Task to complete —
In the listing below, start your output at the line with "Glittered Angel Treetop" and end it after the line with "Luxury Bubble Contoured", copying every line exactly.

Material for this task —
• • • • •

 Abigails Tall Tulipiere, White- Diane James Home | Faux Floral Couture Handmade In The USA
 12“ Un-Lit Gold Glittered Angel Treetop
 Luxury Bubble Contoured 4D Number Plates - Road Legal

• • • • •

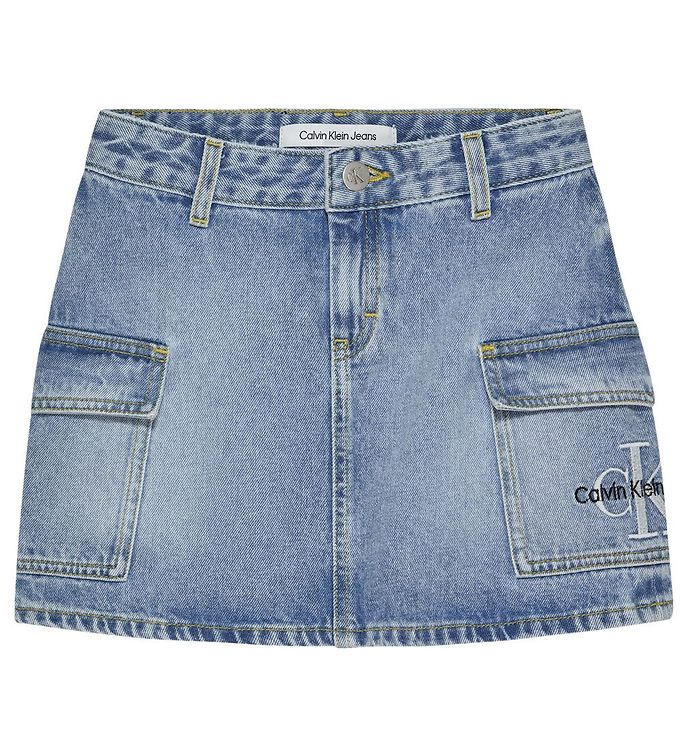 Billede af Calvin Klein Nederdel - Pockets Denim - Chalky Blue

• • • • •

Answer space —
 12“ Un-Lit Gold Glittered Angel Treetop
 Luxury Bubble Contoured 4D Number Plates - Road Legal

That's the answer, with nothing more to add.